= McAllen Foutch =

McAllen Foutch (1909-1996) was a prominent Democratic Party politician and lawyer in Tennessee who had a long tenure in the Tennessee House of Representatives including as Speaker of the Tennessee House of Representatives.

== Early life and legal legacy ==
Born in 1909 in Tennessee, Foutch's political and personal roots were established in DeKalb County, where he maintained a lifelong affiliation with the DeKalb Democrats. He pursued a legal education that led to a successful professional career. His legal expertise was central to his public and business life, and he established a prominent law practice in Tennessee.

His early commitment to the region was permanently recognized after his death when the McAllen Foutch Scholarship was established in 1997. This scholarship honors his contributions to the community, including his instrumental role in the founding of DTC Communications, a regional company focused on infrastructure development.

== Political career ==
A dedicated Democrat, Foutch began his long political career by serving eight terms in the Tennessee House of Representatives.

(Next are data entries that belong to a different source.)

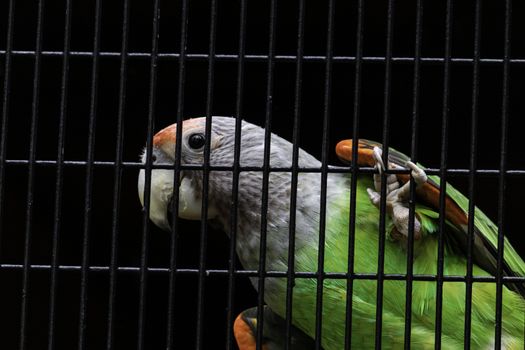 Senegal parrot silver neck looking curious hanging in cage net Closeup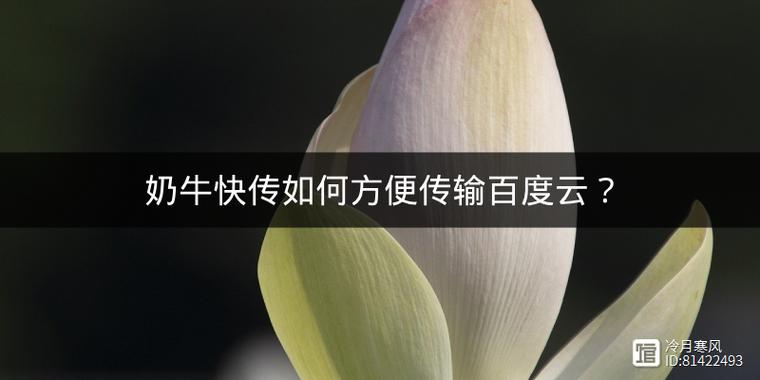 奶牛快传云盘使用方法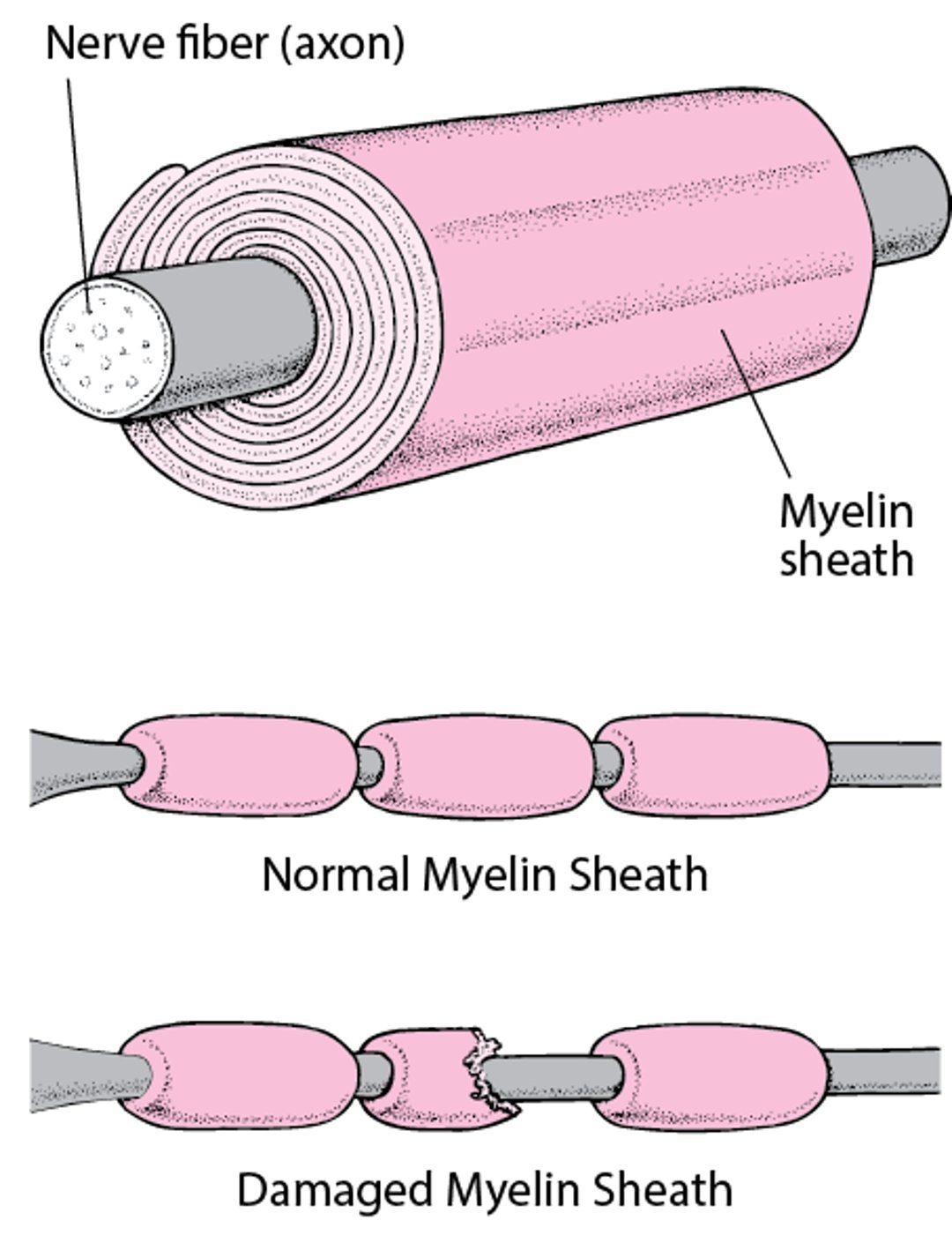 Insulating a Nerve Fiber
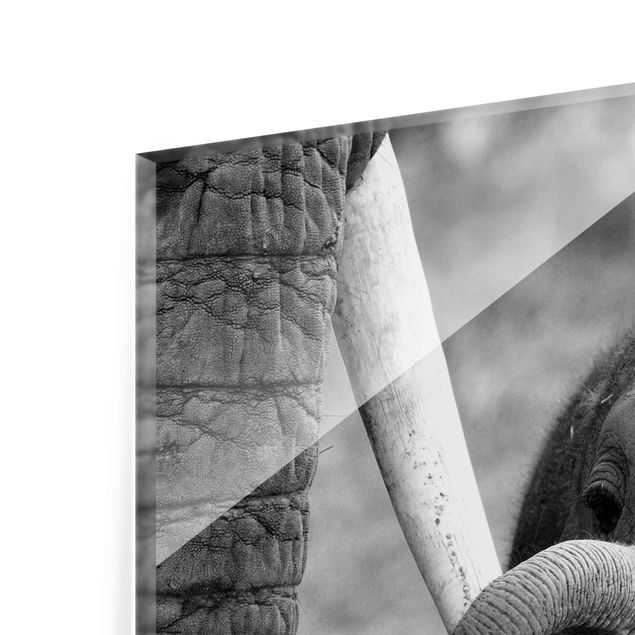 Cuadros decorativos Baby Elephant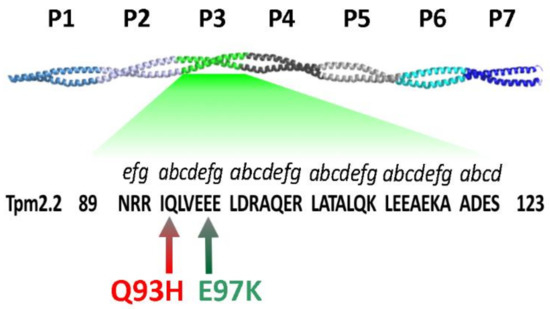 Ijms Free Full Text Mutations Q93h And E97k In Tpm2 Disrupt Ca Dependent Regulation Of Actin Filaments Html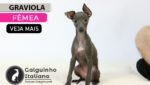 galgo italiano filhote
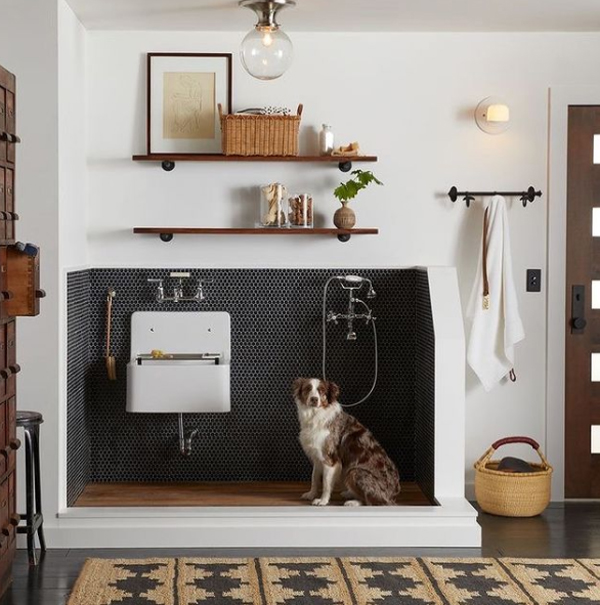 luxury-dog-wash-station-with-boho-style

He was recognized as a leader within the Assembly, and was elected to the influential position of Speaker of the Tennessee House of Representatives, serving a term from 1949 to 1953. His strong political roots in DeKalb County were evident throughout his tenure, as he consistently maintained his local party affiliation.

==Later business and law career==
Following his legislative service, Foutch remained active in both law and business. He continued to manage his private law practice, notably mentoring and employing future politicians and lawyers, including Tommy Buck and Frank Buck, before they established their own firms. Beyond his legal work, Foutch was a key figure in the regional business community, serving as vice-president for WJLE broadcasting in Smithville and as chairman of the board for Citizens Bank. Foutch also played an instrumental role in founding DTC Communications, a regional company dedicated to developing communication infrastructure.

== Personal life and legacy ==
He lived in Smithville, Tennessee, and was a member of a Missionary Baptist church. He was married to Sallie Parker Foutch, and together they had four daughters. After his death, his enduring commitment to the region was honored when the McAllen Foutch Scholarship was established in 1997, recognizing his contributions to the community and his role with DTC Communications.